DATA EXCERPTS Start Marker

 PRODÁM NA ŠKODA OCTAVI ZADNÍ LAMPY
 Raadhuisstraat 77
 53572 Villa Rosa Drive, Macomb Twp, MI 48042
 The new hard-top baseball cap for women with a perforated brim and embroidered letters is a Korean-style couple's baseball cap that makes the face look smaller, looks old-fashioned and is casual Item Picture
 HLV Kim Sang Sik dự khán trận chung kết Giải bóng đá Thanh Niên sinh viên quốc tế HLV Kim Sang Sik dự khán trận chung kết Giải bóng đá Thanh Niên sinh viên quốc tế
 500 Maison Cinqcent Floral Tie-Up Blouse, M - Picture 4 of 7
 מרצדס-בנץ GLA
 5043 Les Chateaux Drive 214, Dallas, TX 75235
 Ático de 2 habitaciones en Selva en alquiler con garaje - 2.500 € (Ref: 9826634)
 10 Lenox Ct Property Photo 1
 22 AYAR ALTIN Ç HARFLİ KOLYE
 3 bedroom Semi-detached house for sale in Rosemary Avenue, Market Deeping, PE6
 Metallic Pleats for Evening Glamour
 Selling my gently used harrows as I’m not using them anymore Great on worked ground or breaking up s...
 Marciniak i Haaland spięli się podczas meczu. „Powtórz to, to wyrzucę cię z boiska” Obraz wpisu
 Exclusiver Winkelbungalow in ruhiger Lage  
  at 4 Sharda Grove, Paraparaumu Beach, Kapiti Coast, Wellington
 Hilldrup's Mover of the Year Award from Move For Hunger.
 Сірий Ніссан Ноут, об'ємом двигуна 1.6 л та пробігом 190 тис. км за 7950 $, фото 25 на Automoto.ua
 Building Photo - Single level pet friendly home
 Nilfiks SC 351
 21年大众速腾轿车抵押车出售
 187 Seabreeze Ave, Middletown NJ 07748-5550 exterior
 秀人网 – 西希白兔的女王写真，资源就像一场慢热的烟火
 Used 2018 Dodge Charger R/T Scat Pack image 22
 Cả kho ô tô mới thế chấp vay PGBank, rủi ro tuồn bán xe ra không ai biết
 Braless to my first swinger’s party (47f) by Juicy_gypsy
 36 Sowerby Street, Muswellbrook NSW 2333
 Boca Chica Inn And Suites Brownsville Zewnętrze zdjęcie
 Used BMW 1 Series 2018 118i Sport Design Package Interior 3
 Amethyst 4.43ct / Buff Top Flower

DATA EXCERPTS End Marker

From the first line of the data above through the line containing "מרצדס-בנץ GLA", repeat each line exactly, and add nothing.

(OUTPUT OF THE EXERCISE):
 PRODÁM NA ŠKODA OCTAVI ZADNÍ LAMPY
 Raadhuisstraat 77
 53572 Villa Rosa Drive, Macomb Twp, MI 48042
 The new hard-top baseball cap for women with a perforated brim and embroidered letters is a Korean-style couple's baseball cap that makes the face look smaller, looks old-fashioned and is casual Item Picture
 HLV Kim Sang Sik dự khán trận chung kết Giải bóng đá Thanh Niên sinh viên quốc tế HLV Kim Sang Sik dự khán trận chung kết Giải bóng đá Thanh Niên sinh viên quốc tế
 500 Maison Cinqcent Floral Tie-Up Blouse, M - Picture 4 of 7
 מרצדס-בנץ GLA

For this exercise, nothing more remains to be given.